Seit dem 13. Jahrhundert war das Bild der Grimmaischen Vorstadt - dem heutigen Johannisplatz - von Hospital, Kapelle und Friedhof zu St. Johannes geprägt. Nach dem Ende des Mittelalters entwickelte sich der Johannisfriedhof zur Hauptbegräbnisstätte für alle Toten der Stadt Leipzig. Die Johanniskirche wurde zu einer Begräbniskapelle. Von nun an besorgte Chordienst und Orgelspiel der Thomaskantor Johann Sebastian Bach mit seinen Thomanern. Im Jahre 1748 wurde dem bescheidenen Kirchenschiff ein stattlicher Barockturm vorgesetzt. Nachdem um 1850 die Mauern an der Johanniskirche fielen, wurde der Johannisfriedhof von der Kirche getrennt und in „Johannisplatz“ umbenannt.

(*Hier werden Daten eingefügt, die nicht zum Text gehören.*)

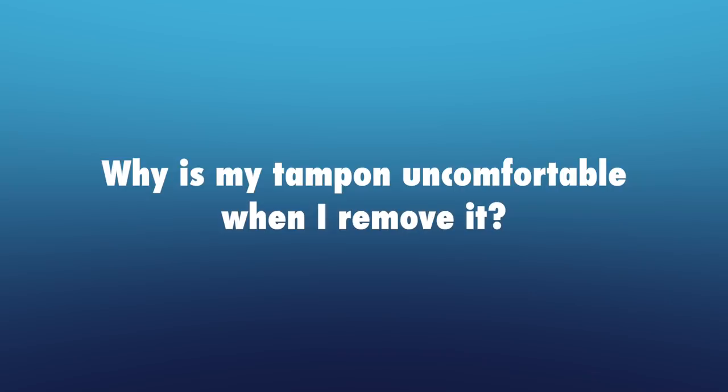You can wear a tampon for up to eight hours, but everyone is obviously different and everyone has different flows, so the timing really depends on you as a person. For example, if you're someone with a heavier flow, then you'll probably have to change more often. Always try to go for the lowest absorbency for your flow, and there's nothing stopping you from changing your absorbency during your period — obviously at some parts you're going to be heavier than others.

Die größte Veränderung erlebte die Johanniskirche dadurch, dass sie sich zur Gemeindekirche entwickelte. Da sie als solche zu klein war, stand ein Neubau bevor. Am 22. Juli 1894 fand der letzte Gottesdienst in der alten Johanniskirche statt. Es war ein ergreifender Augenblick als die ganze Gemeinde zum letzten Gebet niederkniete. Schon am nächsten Tag begann der Abbruch des Gotteshauses.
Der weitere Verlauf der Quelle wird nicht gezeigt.